Имея дело с такими преступниками, наивно рассчитывать на откровенный и честный разговор. Доверие к себе они склонны рассматривать как свидетельство слабости следователя, а не его силы, как “приёмчик” с его стороны. Если они и не подозревали следователя в желании их “обвести”, то в глубине души смеялись над его попыткой вызвать в них раскаяние.

В таких случаях Бахметьев применял метод последовательного и настойчивого изобличения. Никогда не повышая голоса (Бахметьев никогда не забывал, что крики и угрозы со стороны следователя не только противозаконны, но и совершенно бессмысленны, так как способны лишь дискредитировать следователя в глазах обвиняемого), он наступал железным строем улик, постепенно, шаг за шагом разоблачая преступника, сокрушая его лживые доводы, вскрывая противоречия в его показаниях, доказывая всю несостоятельность его попыток обмануть следствие.

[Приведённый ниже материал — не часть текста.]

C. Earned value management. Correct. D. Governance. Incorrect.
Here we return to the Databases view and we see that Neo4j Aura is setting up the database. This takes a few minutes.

Но, прежде чем начать изобличение обвиняемого, он всегда очень спокойно и терпеливо выслушивал его объяснения, подробно фиксировал их, а уже потом начинал, пункт за пунктом, факт за фактом, разбивать их объективными данными дела.

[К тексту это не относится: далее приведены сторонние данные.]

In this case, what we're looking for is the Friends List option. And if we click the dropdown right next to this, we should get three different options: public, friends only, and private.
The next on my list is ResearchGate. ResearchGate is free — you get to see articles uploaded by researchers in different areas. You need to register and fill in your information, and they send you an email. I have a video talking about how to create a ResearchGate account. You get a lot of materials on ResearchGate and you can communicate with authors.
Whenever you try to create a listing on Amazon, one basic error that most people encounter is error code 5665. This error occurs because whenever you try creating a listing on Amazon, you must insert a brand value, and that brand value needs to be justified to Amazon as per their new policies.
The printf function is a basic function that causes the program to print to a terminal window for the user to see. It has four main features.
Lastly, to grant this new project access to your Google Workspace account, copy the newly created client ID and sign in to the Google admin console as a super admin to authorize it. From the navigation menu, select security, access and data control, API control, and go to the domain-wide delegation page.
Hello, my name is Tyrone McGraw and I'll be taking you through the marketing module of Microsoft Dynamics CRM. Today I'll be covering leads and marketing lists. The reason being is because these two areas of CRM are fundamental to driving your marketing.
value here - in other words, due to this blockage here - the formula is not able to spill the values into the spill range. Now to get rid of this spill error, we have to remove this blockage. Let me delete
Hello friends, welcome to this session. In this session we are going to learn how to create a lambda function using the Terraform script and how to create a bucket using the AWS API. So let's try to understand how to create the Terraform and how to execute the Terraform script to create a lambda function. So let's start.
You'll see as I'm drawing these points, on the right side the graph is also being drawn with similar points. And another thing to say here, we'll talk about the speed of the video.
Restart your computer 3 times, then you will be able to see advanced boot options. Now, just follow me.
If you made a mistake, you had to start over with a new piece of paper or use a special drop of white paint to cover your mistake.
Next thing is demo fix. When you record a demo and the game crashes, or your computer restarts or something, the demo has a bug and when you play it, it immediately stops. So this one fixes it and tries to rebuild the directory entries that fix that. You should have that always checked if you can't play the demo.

Такая методика допроса вдвойне себя оправдывала: во-первых, обвиняемый уже не мог отказаться от лживых показаний, данных им вначале, и теперь установление их лживости являлось лишней уликой против него; во-вторых, спокойствие, с которым следователь выслушивал и фиксировал эти лживые показания, вначале порождало в преступнике ошибочное представление, что следователь, по-видимому, доверчивый и недалёкий малый, которого легко удастся обвести вокруг пальца. Когда же этот следователь внезапно для обвиняемого переходил в наступление, сокрушая весь карточный домик его вымыслов и ссылок, преступник обычно шарахался в другую крайность, приходя к выводу, что перед ним дьявольски хитрый, очень коварный и опасный следователь, обмануть которого почти невозможно.

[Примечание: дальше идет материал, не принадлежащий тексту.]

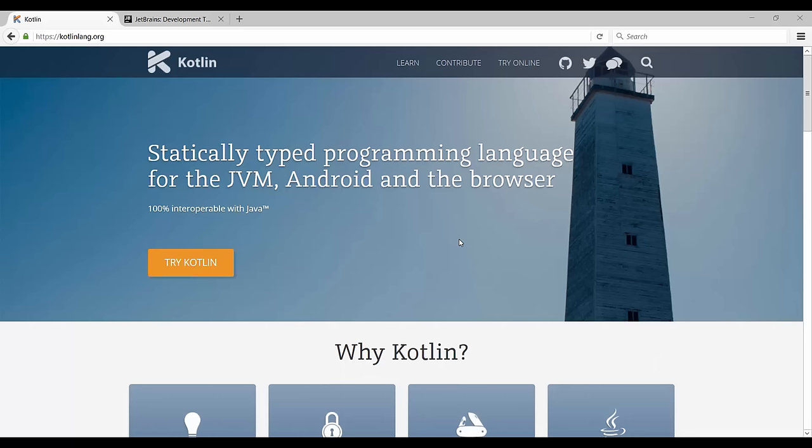Before we dive into programming itself, I'd like to quickly talk about what kind of programming language Kotlin actually is and why you should be one of the first people to really learn it.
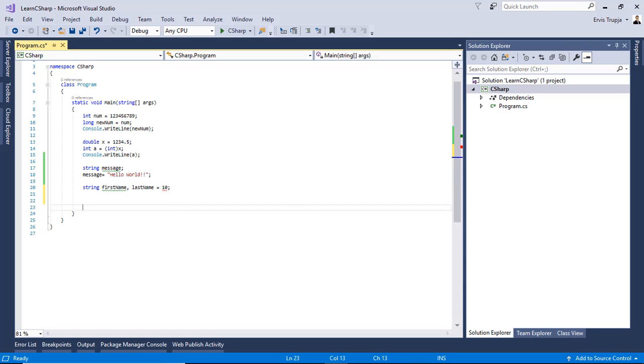And we see that we get an error. If we hover over here, it says that cannot implicitly convert int to string.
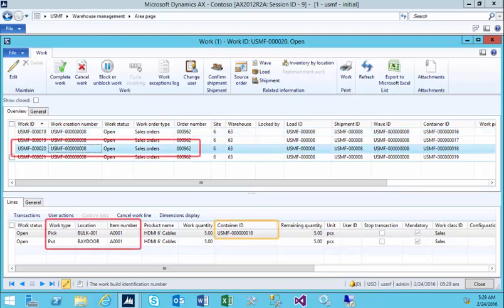If we look at the bottom half of the screen, we can see that the individual picks and puts and the item number, as well as the location we're picking from and putting to, is defined per work element, or in other words, per box that a worker has to go through the warehouse and pick.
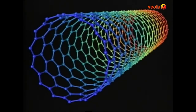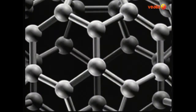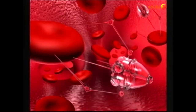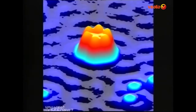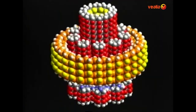La nanotecnología es el estudio, diseño, creación, síntesis, manipulación y aplicación de materiales, aparatos y sistemas funcionales a través del control de la materia a nanoscala y la explotación de fenómenos y propiedades de la materia nanoscala. Cuando se manipula la materia a la escala tan minúscula de átomos y moléculas, demuestra fenómenos y propiedades totalmente nuevas. Por lo tanto, científicos utilizan la nanotecnología para crear materiales, aparatos y sistemas novedosos y poco costosos con propiedades únicas.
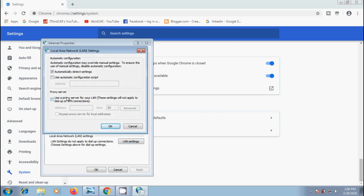Under proxy server in local area network settings, uncheck the box that says use a proxy server for your LAN to disable the proxy server and click OK to accept the changes.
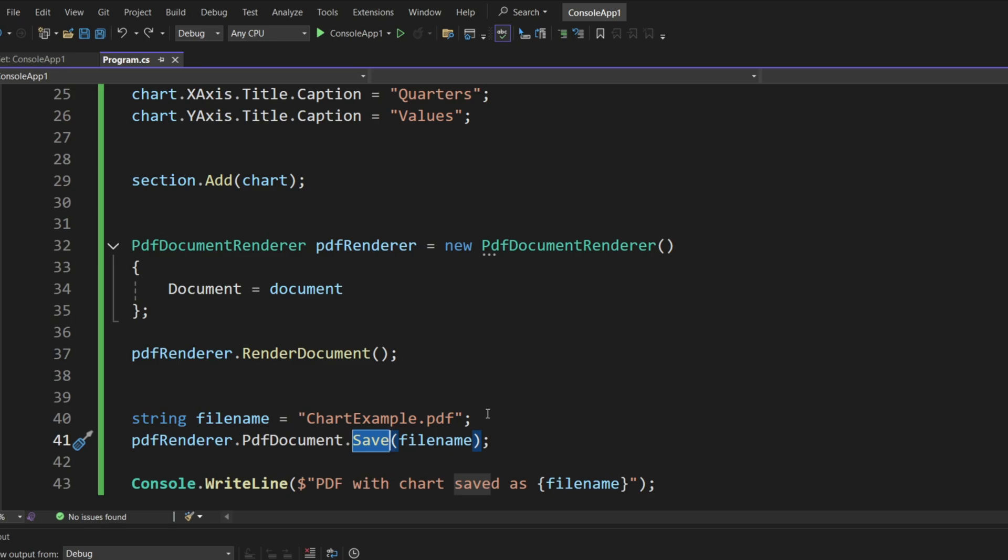So, once the document is ready, we can use the save method like that, to save it anywhere you want. Now, it can be somewhere in your computer, you can use the environment locations, such as documents and things like that, which I do recommend to do.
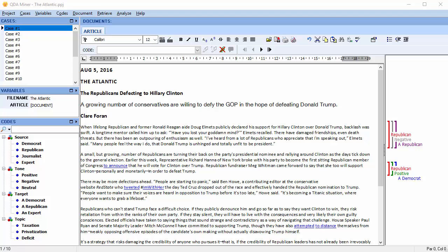In this type of situation, the main interest is not in the appearance of a specific code, but in the combination of codes from different dimensions. QDA Miner offers numerous tools to analyze code co-occurrences or code sequences, or to review overlapping codes or codes that are close to each other.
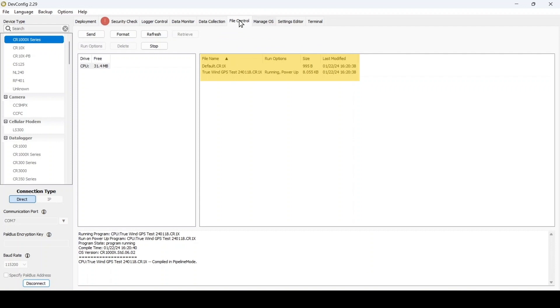Remember that backing up a data logger whenever a change is made to its settings or program can save a lot of trouble if something unexpected happens.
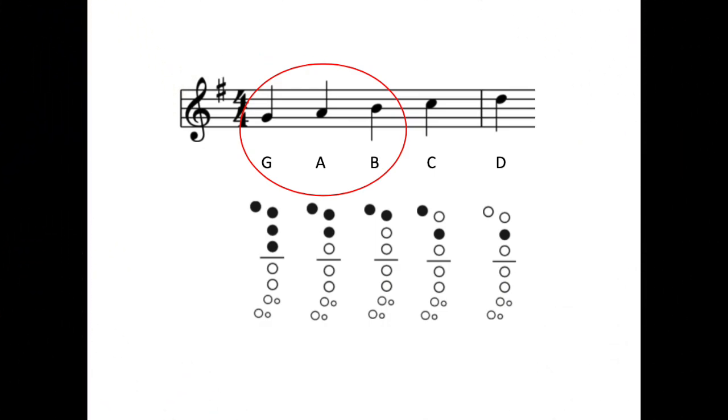On your recorder, find and play the notes G, A, and B. They sound like this.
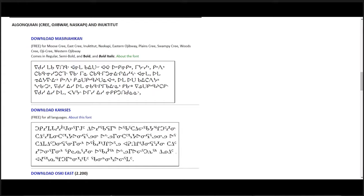It comes in three weights: regular, semi-bold, and bold. You can learn more about the font you have chosen by clicking about the font.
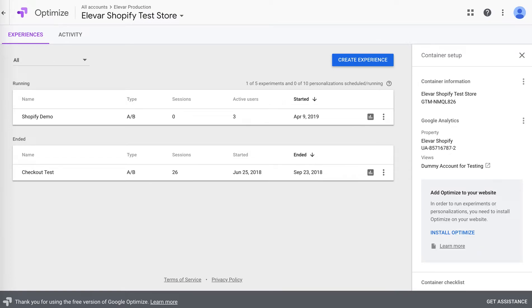Hey, this is Brad from Elovar. I'm going to show you how to set up Google Optimize on Shopify and Shopify Plus. And this video was shot April 9th, 2020, just kidding, 2019.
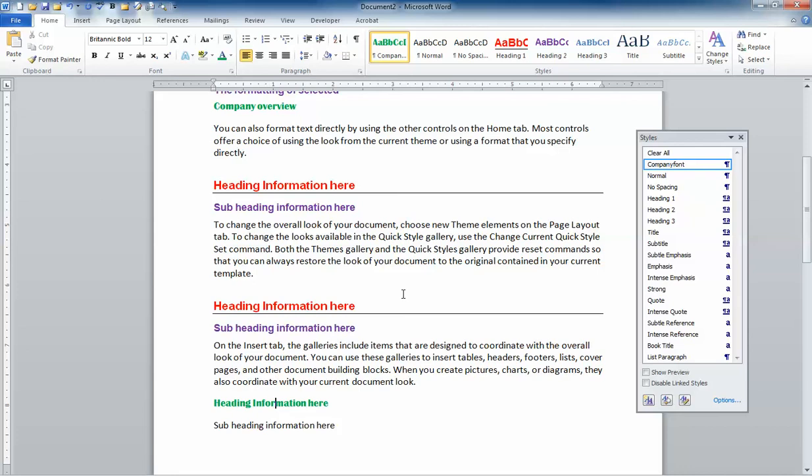So by saving your templates or saving your styles into a template, it makes them available to reuse over and over again.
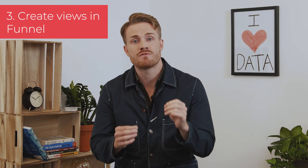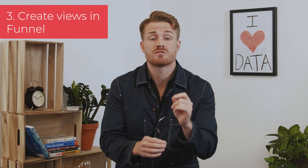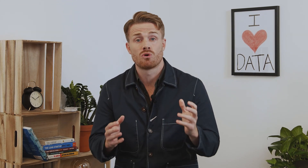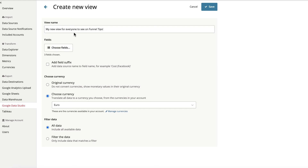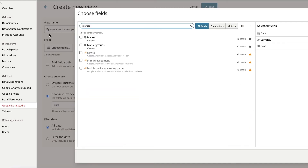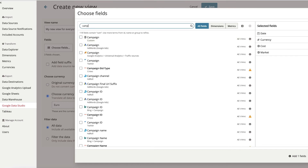Number three: create Views in Funnel. Views is Funnel's smart way of sending data to Data Studio. You can, of course, send all of your metrics and dimensions over to Data Studio, but we recommend using Views where you can to choose a selection of metrics and dimensions to send over to Data Studio. This makes your data easier to work with and, of course, faster. If you want to learn more about how to use Views in Funnel, visit Funnel.io and feel free to book a demo of the tool.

Разумеется, разделяя обвиняемых на эти две основные категории, Бахметьев никогда не забывал, что каждый преступник в конце концов неповторим по особенностям своего психологического склада, характеру, привычкам, мотивам преступления, порокам и слабостям. Соответственно с этим надо было его и допрашивать, учитывая свойства его психологии. Следовательно, при допросе любого обвиняемого необходимо было прежде всего по ходу допроса нащупать его индивидуальные особенности, а уже потом выбирать тактику допроса.

Теперь Бахметьеву предстоял допрос двух обвиняемых — Крашке и Игоря Мамалыги, людей, разных по возрасту, по национальности, по биографиям и характерам. В сущности, Бахметьев пока не знал ни того, ни другого, хотя их конкретная вина была для него ясна.

Бахметьев начал с Крашке, правильно рассчитывая, что тот играет более важную роль в этом деле и потому, естественно, больше осведомлён о планах американской разведки, которой в последнее время служил.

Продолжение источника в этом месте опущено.